# Task
Would you please repeat exactly the entries below, starting at the line with "Beautiful Apartment Downtown" and ending at the line with "montre seagull", and nothing outside that range? Leave out the pictures.

***** Data for this task

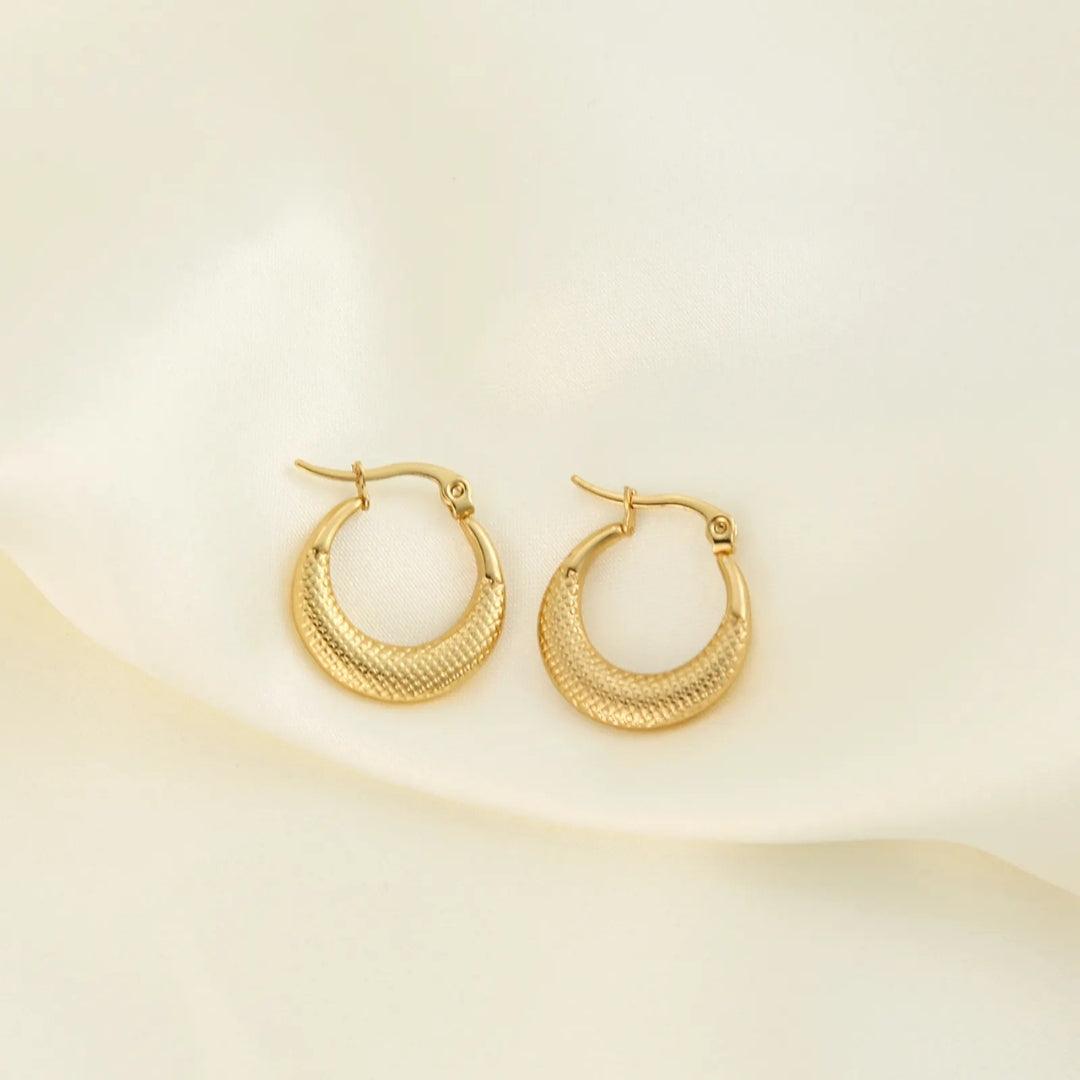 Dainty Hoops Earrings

**********
***** Data for this task

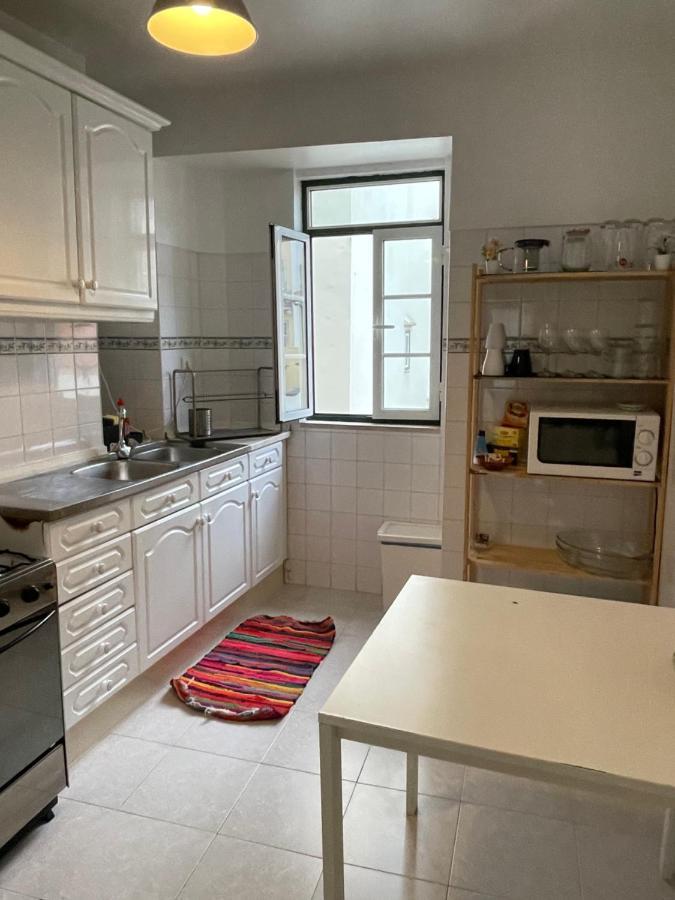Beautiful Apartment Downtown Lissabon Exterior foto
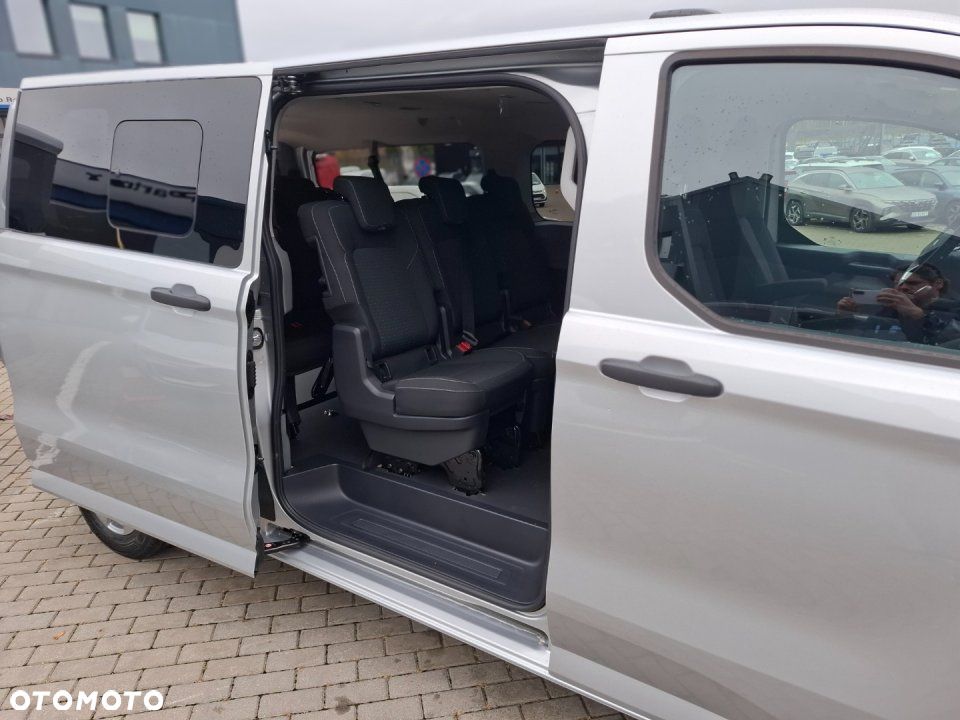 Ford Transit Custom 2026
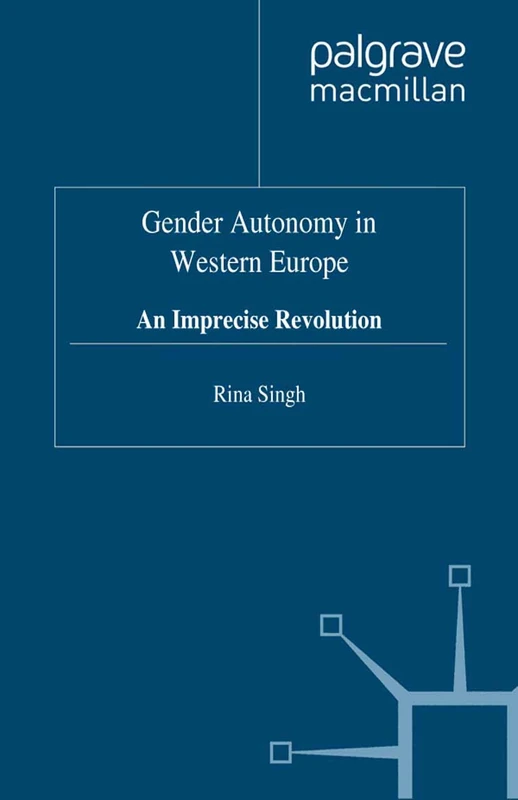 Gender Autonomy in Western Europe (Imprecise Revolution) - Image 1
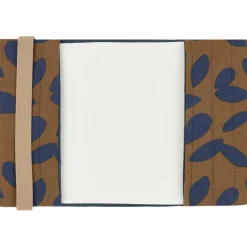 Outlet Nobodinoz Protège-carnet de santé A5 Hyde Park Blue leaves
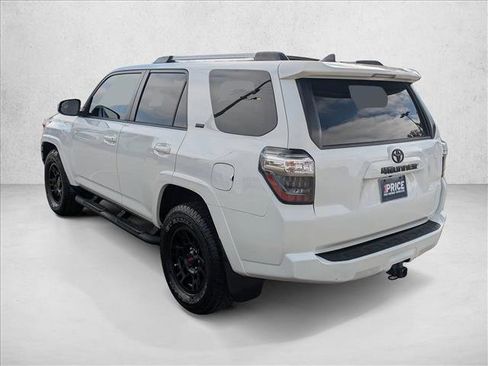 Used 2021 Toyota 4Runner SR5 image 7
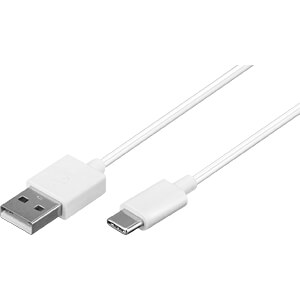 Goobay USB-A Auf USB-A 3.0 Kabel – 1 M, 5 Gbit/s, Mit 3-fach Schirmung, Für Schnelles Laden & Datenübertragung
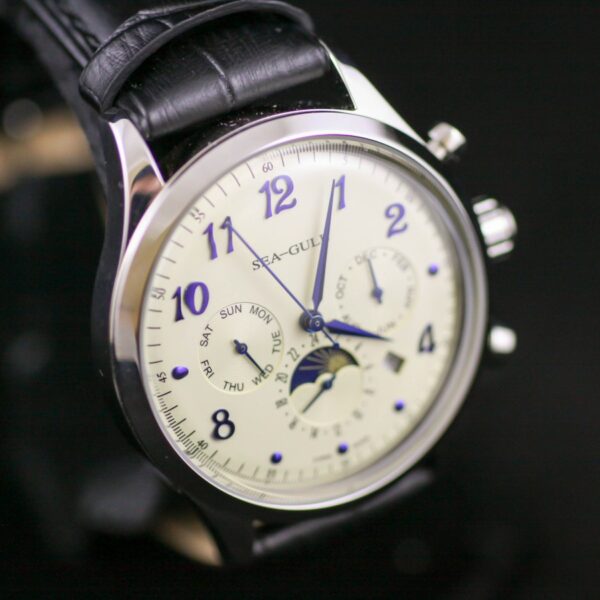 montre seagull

**********
***** Data for this task

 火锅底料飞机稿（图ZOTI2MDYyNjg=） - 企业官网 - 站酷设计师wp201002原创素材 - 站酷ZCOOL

**********

# Response area
Beautiful Apartment Downtown Lissabon Exterior foto
 Ford Transit Custom 2026
 Gender Autonomy in Western Europe (Imprecise Revolution) - Image 1
 Outlet Nobodinoz Protège-carnet de santé A5 Hyde Park Blue leaves
 Used 2021 Toyota 4Runner SR5 image 7
 Goobay USB-A Auf USB-A 3.0 Kabel – 1 M, 5 Gbit/s, Mit 3-fach Schirmung, Für Schnelles Laden & Datenübertragung
 montre seagull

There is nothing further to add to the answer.